PP Cherian, Dallas
Mcalester (Oklahoma): A man sentenced to death for the 1984 kidnapping, rape and murder of his ex-wife's 7-year-old daughter was executed Thursday in Oklahoma. Richard Rojam, 66, who has been in prison since 1985, is Oklahoma's longest-serving death row inmate.
Oklahoma, which executed more prisoners per capita in 2014 and 2015 than any other state in the nation since reinstating the death penalty in 1976, has now carried out 13 executions since it resumed lethal injections in October 2021 after a six-year hiatus.
Richard Rojem, 66, was pronounced dead at the Oklahoma State Penitentiary in McAlester at 10:16 a.m. by an intravenous injection of a mixture of three drugs, prison officials said.
Asked if he had any last words, Rojem, strapped to a gurney and sporting a tattoo on his left arm, said: "I don't. I said my goodbyes." He looked briefly at several witnesses inside a room near the death chamber before the first drug, midazolam, began to flow. About 5 minutes later, he became unconscious at 10:08 a.m. and stopped breathing at about 10:10 a.m. A spiritual advisor was in the death chamber with Rojem during the execution. Rojem had denied responsibility for killing his daughter, Lyla Cummings, born to his ex-wife.
The partially clothed body of the stabbed child was found July 7, 1984, in a field in rural Washita near the town of Burns Flat. Rojem had previously been convicted of raping two teenage girls in Michigan, and prosecutors said Rojem was angry with Laila Cummings because she reported that Rojem had sexually abused her, which prompted her divorce from the girls' mother. was obtained and returned to prison for parole violation.
In a plea for clemency this month, Rojamin's lawyers argued that DNA evidence taken from the girl's fingernails did not link him to the crime. "If my client doesn't have DNA, he shouldn't be convicted," said attorney Jack Fisher.
In a statement read by Attorney General Gentner Drummond after the execution, Lyla's mother, Mindy Lynn Cummings, said: “We will always remember, honor and cherish her as a sweet and precious 7-year-old. "Today marks the final chapter of justice delivered by three separate juries for Richard Rojemin's brutal actions nearly 40 years ago." Rojem, who testified at the hearing via video link from jail, said he was not responsible for the girl's death.

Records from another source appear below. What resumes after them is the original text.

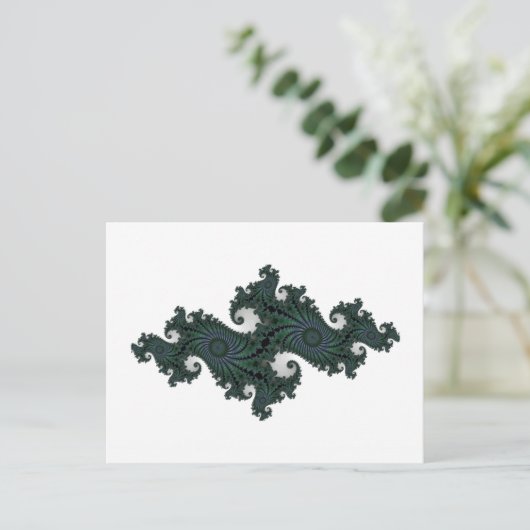 Emerald Seahorse Julia Briefkaart (Staand voorkant)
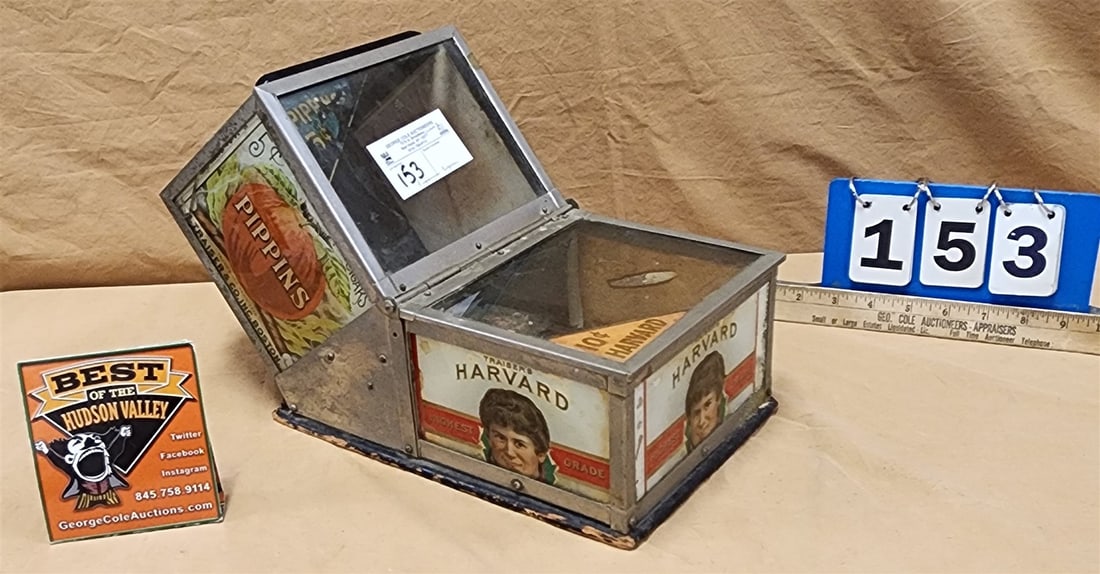 STORE DISPLAY PIPPINS CIGARS H. TRAISER AND CO BOSTON 9"H X 7 1/2"W X 14"D: STORE DISPLAY PIPPINS CIGARS H. TRAISER AND CO BOSTON 9"H X 7 1/2"W X 14"D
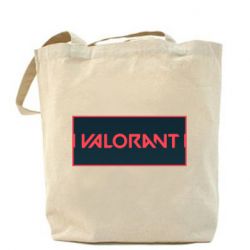 Шоппер Valorant text - PrintSalon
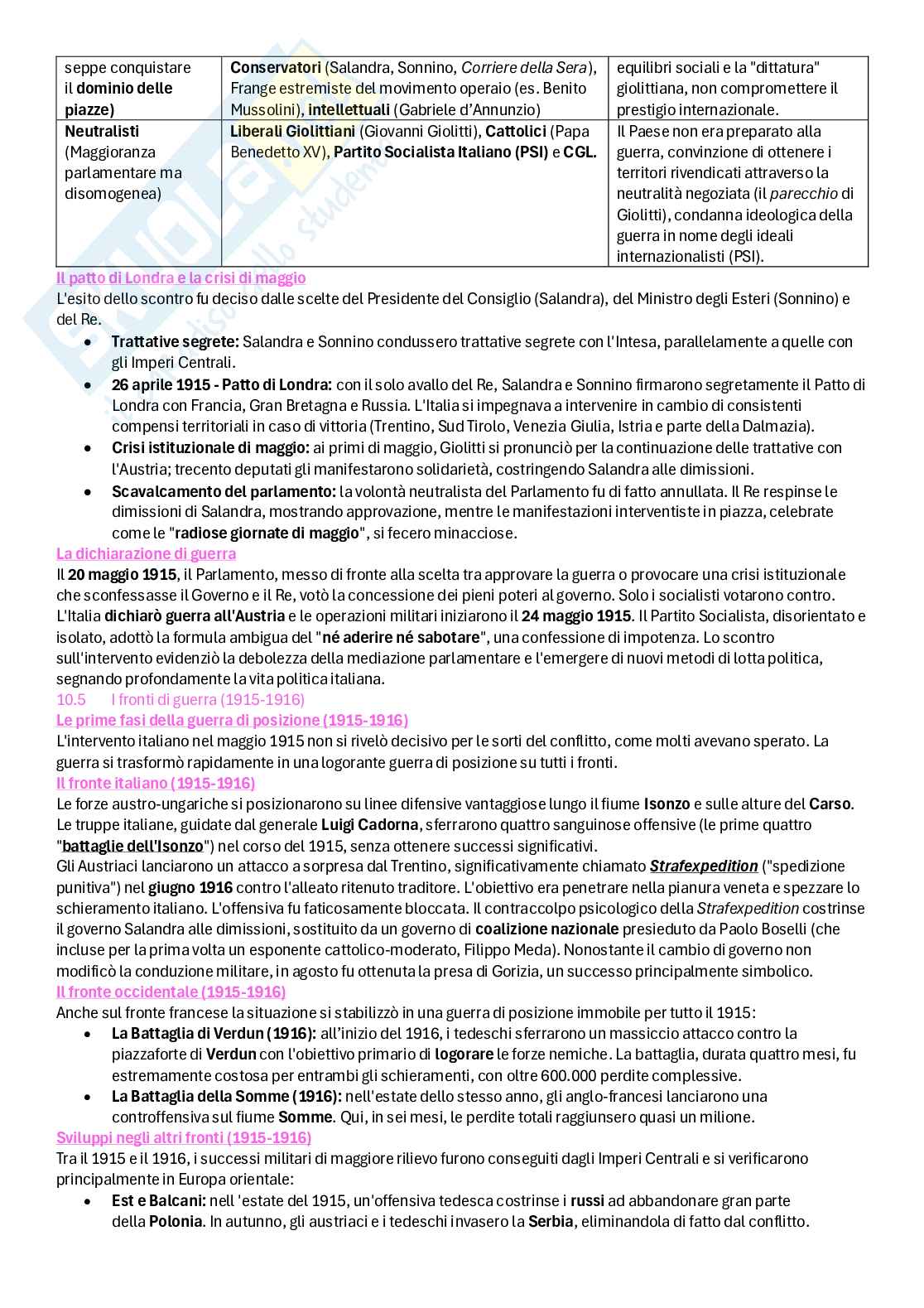 Riassunto esame Storia contemporanea, Prof. Fioravanzo Monica, libro consigliato Il mondo contemporaneo dal 1848 ad oggi, Sabatucci, Vidotto Pag. 46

The panel voted 5-0 not to recommend the governor spare Rojemin's life. "I wasn't a good man for the first part of my life, I don't deny that," said Rojam, handcuffed and dressed in a red prison uniform. “But I went to jail. I learned my lesson and left it all behind. Prosecutors said there was plenty of evidence to convict Rojem, including fingerprints found on a cup outside the girl's apartment from the bar Rojem left shortly before she was abducted. Prosecutors said a condom wrapper found near the girl's body was linked to a condom found in Rojemin's bedroom. A Washita County jury convicted Rojem in 1985 after 45 minutes of deliberations. His previous death sentences were twice overturned by appeals courts because of trial errors. A Custer County jury finally sentenced him to a third death sentence in 2007.